L’ intelligence artificielle pour mieux prendre en charge les bébés prématurés
Les bébés prématurés, nés avant 37 semaines de grossesse, possèdent un système immunitaire fragile et risquent de contracter infections et maladies. Un projet lancé à Rennes depuis 2016, mobilise une intelligence artificielle pour une meilleure prise en charge préventive de ces prématurés grâce à un diagnostic précoce de l'infection.

L’ intelligence artificielle pour mieux prendre en charge les bébés prématurés

Un projet européen

Chaque année, ce sont plus de 300 000 bébés qui naissent prématurément en France et poursuivent leur maturation en couveuse. Leur système immunitaire étant très fragile, ils sont sujets à un risque d’infection important, voire de choc septique, qui peut s'avérer mortel. Le projet de recherche Digi-NewB a pour but d'identifier une méthode de suivi et d'aide à la décision permettant aux équipes médicales de détecter l'infection le plus tôt possible, grâce à l'intelligence artificielle. Porté par le GCS HUGO (Centres Hospitaliers Universitaires du Grand Ouest), le CHU de Rennes et l’Université de Rennes 1, Digi-NewB a été lancé en 2016 grâce à un financement européen de 4,4 M d’euros, obtenu dans le cadre du programme Horizon 2020 de l’Union Européenne. Il s'appuie sur une étude clinique portant sur 700 nouveaux nés. Les partenaires sont les 6 hôpitaux du grand ouest (Rennes, Angers, Brest, Nantes, Tours et Poitiers) réunis au sein du GCS HUGO, 4 centres de recherche, dont 1 en France, en Finlande, au Portugal, au Royaume-Uni et 2 PME dont une irlandaise.

Monitoring et diagnostic anticipé

"Le clinicien a un double problème. D'un côté, les signes cliniques sont peu spécifiques, et ils sont tardifs", explique Patrick Pladys, professeur de pédiatrie et chef de service au CHU de Rennes, coordinateur du projet Digi-NewB. "Et d'un autre côté, les bébés, s'ils sont infectés, ont un fort risque de décéder et d'avoir des séquelles dans l'avenir. De ce fait-là, on a tendance à donner beaucoup d'antibiotiques. Donner beaucoup d'antibiotiques n'est pas bon pour le nouveau né, ni pour l'écologie du service non plus".

Dans la pratique courante, les équipes soignantes des services de néonatologie observent et écoutent les bébés et en tirent des informations sur leur état de santé (sommeil, variabilité du rythme cardiaque ou de la respiration, par exemple). « L’indice calculé à partir de variabilité cardiaque d’un bébé sain et celle d’un bébé infecté sont très différents » , comme l’explique le Pr Guy Carrault, du Laboratoire Traitement du Signal et des Images - INSERM U1099 de l'Université de Rennes 1. Cet indice est visible en permanence par le personnel soignant et au dessus d’une certaine valeur, une alerte s’affiche.

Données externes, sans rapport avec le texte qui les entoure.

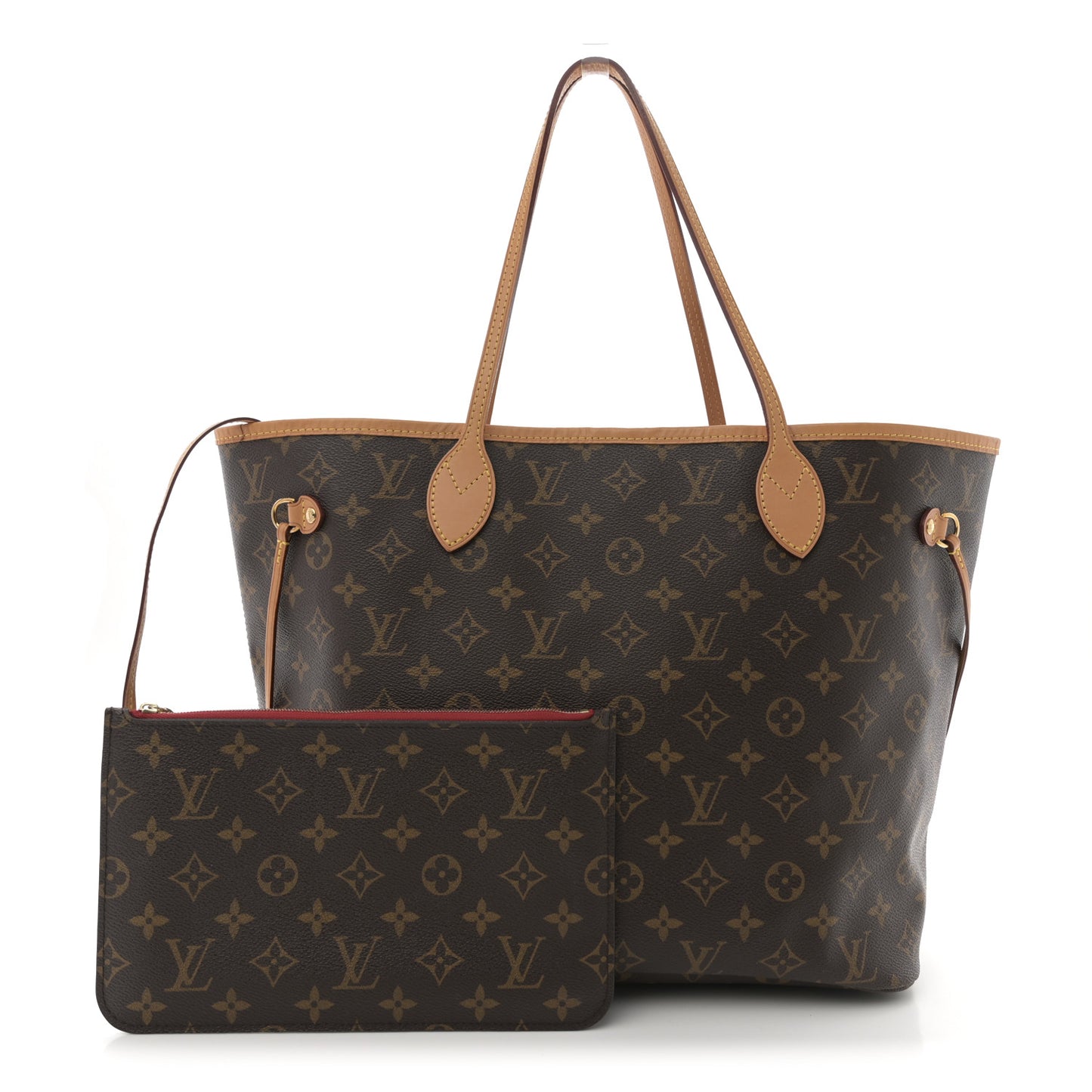 Monogram Neo Neverfull MM Cherry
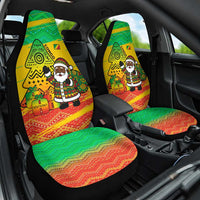 Congo Christmas Car Seat Cover with African Santa Tribal Tree and Colorful Gift Design - Wonder Print Shop
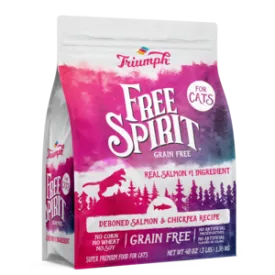 Triumph Free Spirit Grain Free Salmon & Chickpea Recipe Dry Cat Food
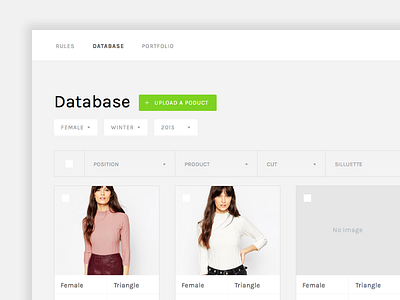 Database Dashboard dashboard database dropdown fashion web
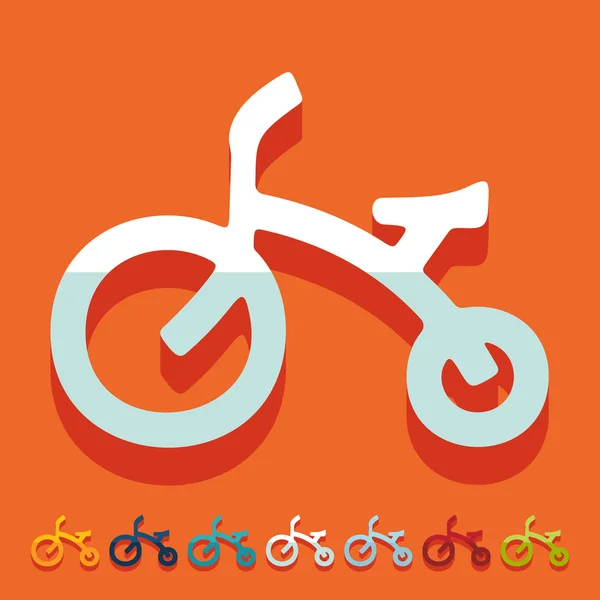 Childrens fiets pictogram — Stockvector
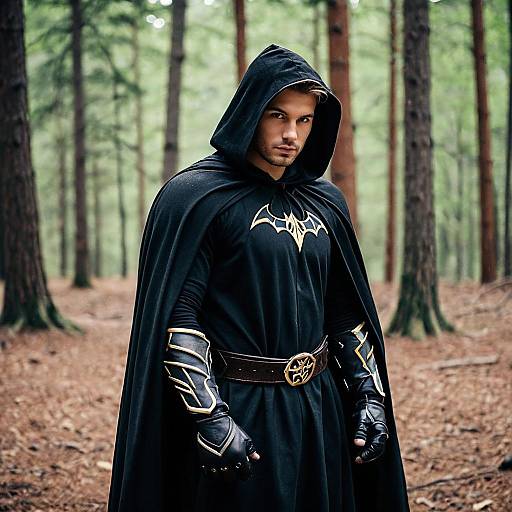Mysterious Male in Dark Costume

L'idée de Digi-NewB est de recueillir ces signaux physiologiques de manière systématique et non invasive, grâce à un suivi des bébés par des caméras, des capteurs sonores et des outils de monitoring de leurs signes vitaux (cardiaques, respiratoires). L'objectif est de déterminer, grâce à l'analyse des données, des paramètres significatifs pour être en mesure de fournir aux équipes médicales une aide au diagnostic. L'enjeu principal est de gagner du temps pour démarrer les traitements le plus tôt possible, sachant que chaque demi-heure compte, et de réduire les gestes médicaux inutiles et invasifs sur les prématurés, telle la prise de sang.

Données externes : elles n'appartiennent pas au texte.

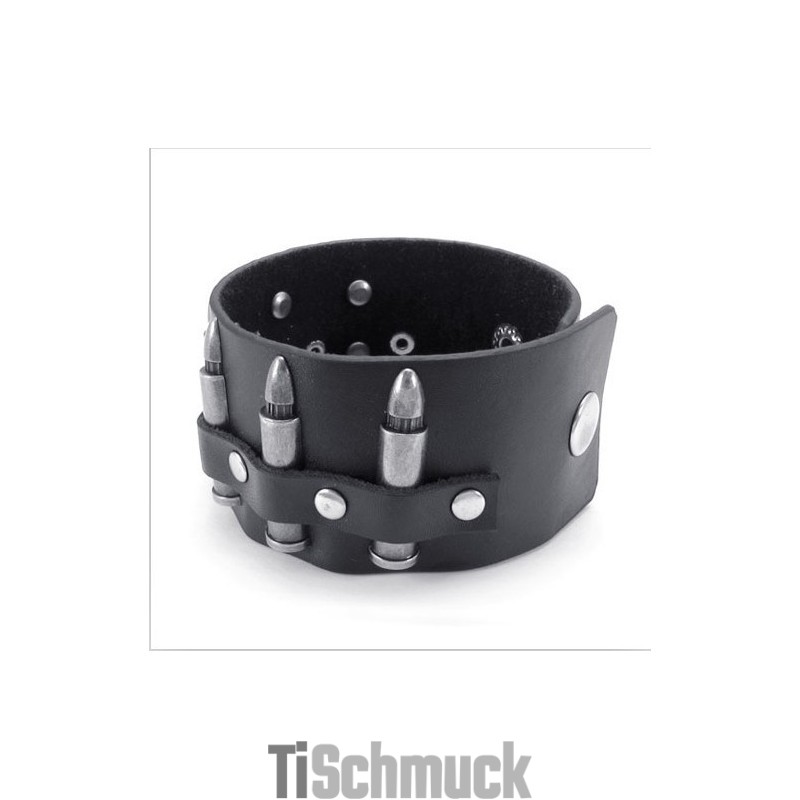 Geschickte Herstellung Zarte Farben Zuverlässige Qualität Titan Leder Armreif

Le projet passe donc par la constitution d'une base de données d'images et de sons, de signaux physiologiques et d'observations cliniques. Des algorithmes d'intelligence artificielle permettent d'effectuer une analyse composite de ces données, au cœur du système de surveillance médicale et d'aide à la décision en temps réel. Un indice ou score de risque d’infection est calculé par le système. Les cliniciens peuvent visualiser l'évolution dans le temps de cet indice, ainsi que l’évolution de certains paramètres et accéder aux enregistrements vidéo pour une période donnée. L'ergonomie du système a fait l'objet d'études réalisées avec le personnel soignant dans plusieurs hôpitaux. “Le clinicien va disposer d'une alarme peut-être 12, 24 voire 48 heures avant l'alarme qu'il avait d'habitude. Il aura du temps et pourra décider de prolonger son évaluation, ou de débuter les antibiotiques s'il juge les éléments fournis par l'indice suffisamment probants”, précise Patrick Pladys.

Toujours en cours, ce projet ouvre la perspective de pouvoir détecter précocement les infections chez les prématurés, et d'améliorer ainsi leur prise en charge par les services de néonatalogie, pour réduire la morbidité et la mortalité liées au risque infectieux.